Exercise goal: At the line that includes "for Moto G Play", begin writing out the entries below exactly, and continue through the last line without adding anything.

BEGIN

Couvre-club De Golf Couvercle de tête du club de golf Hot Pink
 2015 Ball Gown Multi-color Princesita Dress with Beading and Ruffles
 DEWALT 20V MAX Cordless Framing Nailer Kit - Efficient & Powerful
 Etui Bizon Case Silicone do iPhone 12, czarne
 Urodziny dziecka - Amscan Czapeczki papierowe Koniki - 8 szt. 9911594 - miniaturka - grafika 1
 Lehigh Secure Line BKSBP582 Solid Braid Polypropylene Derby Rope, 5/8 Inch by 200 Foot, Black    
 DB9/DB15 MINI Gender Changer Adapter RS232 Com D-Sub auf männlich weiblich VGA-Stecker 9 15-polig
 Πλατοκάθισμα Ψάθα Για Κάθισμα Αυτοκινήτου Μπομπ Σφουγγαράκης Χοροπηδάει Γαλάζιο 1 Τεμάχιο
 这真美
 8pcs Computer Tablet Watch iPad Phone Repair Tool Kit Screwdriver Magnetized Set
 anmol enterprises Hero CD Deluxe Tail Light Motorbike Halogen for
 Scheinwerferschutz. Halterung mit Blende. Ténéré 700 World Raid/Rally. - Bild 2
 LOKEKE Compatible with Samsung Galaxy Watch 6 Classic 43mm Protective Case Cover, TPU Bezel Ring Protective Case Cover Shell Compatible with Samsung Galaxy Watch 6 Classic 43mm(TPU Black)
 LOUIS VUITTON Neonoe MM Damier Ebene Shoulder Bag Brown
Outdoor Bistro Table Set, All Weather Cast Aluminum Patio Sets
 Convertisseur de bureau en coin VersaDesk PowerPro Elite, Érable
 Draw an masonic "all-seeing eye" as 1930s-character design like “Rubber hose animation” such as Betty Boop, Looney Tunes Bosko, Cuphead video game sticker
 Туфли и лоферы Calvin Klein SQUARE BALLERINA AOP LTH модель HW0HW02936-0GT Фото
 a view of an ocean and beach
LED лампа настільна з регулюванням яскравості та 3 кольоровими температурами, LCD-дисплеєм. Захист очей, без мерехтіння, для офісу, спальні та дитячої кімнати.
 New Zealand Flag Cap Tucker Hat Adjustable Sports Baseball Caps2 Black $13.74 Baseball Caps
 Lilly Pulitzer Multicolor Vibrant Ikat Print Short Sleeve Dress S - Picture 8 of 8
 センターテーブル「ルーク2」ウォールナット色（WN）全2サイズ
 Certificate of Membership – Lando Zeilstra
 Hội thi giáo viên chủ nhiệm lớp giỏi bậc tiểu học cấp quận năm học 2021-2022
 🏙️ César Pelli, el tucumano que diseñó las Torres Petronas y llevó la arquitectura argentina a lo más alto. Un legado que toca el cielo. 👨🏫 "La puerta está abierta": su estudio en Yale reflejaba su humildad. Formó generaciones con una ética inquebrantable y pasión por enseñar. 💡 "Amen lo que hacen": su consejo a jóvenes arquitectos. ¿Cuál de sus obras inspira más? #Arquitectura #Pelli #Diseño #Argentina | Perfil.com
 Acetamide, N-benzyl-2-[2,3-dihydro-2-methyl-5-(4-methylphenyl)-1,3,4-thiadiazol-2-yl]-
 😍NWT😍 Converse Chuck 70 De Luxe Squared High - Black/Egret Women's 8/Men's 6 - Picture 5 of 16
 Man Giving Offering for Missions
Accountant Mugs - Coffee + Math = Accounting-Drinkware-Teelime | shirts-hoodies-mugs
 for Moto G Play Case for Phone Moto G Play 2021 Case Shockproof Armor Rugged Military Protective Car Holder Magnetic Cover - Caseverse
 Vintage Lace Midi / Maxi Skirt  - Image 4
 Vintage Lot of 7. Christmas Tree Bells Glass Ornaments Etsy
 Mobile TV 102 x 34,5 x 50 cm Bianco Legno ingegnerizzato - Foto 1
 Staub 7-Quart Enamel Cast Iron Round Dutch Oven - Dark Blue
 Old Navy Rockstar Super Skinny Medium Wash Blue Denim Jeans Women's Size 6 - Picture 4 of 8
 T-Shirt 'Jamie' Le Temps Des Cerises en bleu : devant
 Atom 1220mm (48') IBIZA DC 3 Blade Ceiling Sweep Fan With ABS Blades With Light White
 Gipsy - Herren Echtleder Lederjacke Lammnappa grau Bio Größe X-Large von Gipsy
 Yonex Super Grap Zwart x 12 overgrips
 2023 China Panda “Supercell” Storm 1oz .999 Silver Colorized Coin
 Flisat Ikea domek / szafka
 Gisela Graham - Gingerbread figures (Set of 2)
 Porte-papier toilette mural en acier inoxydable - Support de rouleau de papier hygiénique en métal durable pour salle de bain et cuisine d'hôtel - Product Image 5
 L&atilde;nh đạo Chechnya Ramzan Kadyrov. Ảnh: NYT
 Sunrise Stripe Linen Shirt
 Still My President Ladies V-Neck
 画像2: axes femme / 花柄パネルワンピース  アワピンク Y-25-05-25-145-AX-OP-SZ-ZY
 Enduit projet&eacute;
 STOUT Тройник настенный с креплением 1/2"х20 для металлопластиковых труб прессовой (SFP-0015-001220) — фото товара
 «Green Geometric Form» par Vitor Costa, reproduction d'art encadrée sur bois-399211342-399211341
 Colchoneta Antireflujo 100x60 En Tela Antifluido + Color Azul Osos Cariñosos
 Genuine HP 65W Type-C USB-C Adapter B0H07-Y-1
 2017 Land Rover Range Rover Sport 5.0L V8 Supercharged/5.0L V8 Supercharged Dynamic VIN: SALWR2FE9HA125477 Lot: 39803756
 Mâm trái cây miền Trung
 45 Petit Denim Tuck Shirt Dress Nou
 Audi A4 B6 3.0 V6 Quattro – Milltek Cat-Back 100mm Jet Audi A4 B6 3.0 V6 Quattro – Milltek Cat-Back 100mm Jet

END

Result:
 for Moto G Play Case for Phone Moto G Play 2021 Case Shockproof Armor Rugged Military Protective Car Holder Magnetic Cover - Caseverse
 Vintage Lace Midi / Maxi Skirt  - Image 4
 Vintage Lot of 7. Christmas Tree Bells Glass Ornaments Etsy
 Mobile TV 102 x 34,5 x 50 cm Bianco Legno ingegnerizzato - Foto 1
 Staub 7-Quart Enamel Cast Iron Round Dutch Oven - Dark Blue
 Old Navy Rockstar Super Skinny Medium Wash Blue Denim Jeans Women's Size 6 - Picture 4 of 8
 T-Shirt 'Jamie' Le Temps Des Cerises en bleu : devant
 Atom 1220mm (48') IBIZA DC 3 Blade Ceiling Sweep Fan With ABS Blades With Light White
 Gipsy - Herren Echtleder Lederjacke Lammnappa grau Bio Größe X-Large von Gipsy
 Yonex Super Grap Zwart x 12 overgrips
 2023 China Panda “Supercell” Storm 1oz .999 Silver Colorized Coin
 Flisat Ikea domek / szafka
 Gisela Graham - Gingerbread figures (Set of 2)
 Porte-papier toilette mural en acier inoxydable - Support de rouleau de papier hygiénique en métal durable pour salle de bain et cuisine d'hôtel - Product Image 5
 L&atilde;nh đạo Chechnya Ramzan Kadyrov. Ảnh: NYT
 Sunrise Stripe Linen Shirt
 Still My President Ladies V-Neck
 画像2: axes femme / 花柄パネルワンピース  アワピンク Y-25-05-25-145-AX-OP-SZ-ZY
 Enduit projet&eacute;
 STOUT Тройник настенный с креплением 1/2"х20 для металлопластиковых труб прессовой (SFP-0015-001220) — фото товара
 «Green Geometric Form» par Vitor Costa, reproduction d'art encadrée sur bois-399211342-399211341
 Colchoneta Antireflujo 100x60 En Tela Antifluido + Color Azul Osos Cariñosos
 Genuine HP 65W Type-C USB-C Adapter B0H07-Y-1
 2017 Land Rover Range Rover Sport 5.0L V8 Supercharged/5.0L V8 Supercharged Dynamic VIN: SALWR2FE9HA125477 Lot: 39803756
 Mâm trái cây miền Trung
 45 Petit Denim Tuck Shirt Dress Nou
 Audi A4 B6 3.0 V6 Quattro – Milltek Cat-Back 100mm Jet Audi A4 B6 3.0 V6 Quattro – Milltek Cat-Back 100mm Jet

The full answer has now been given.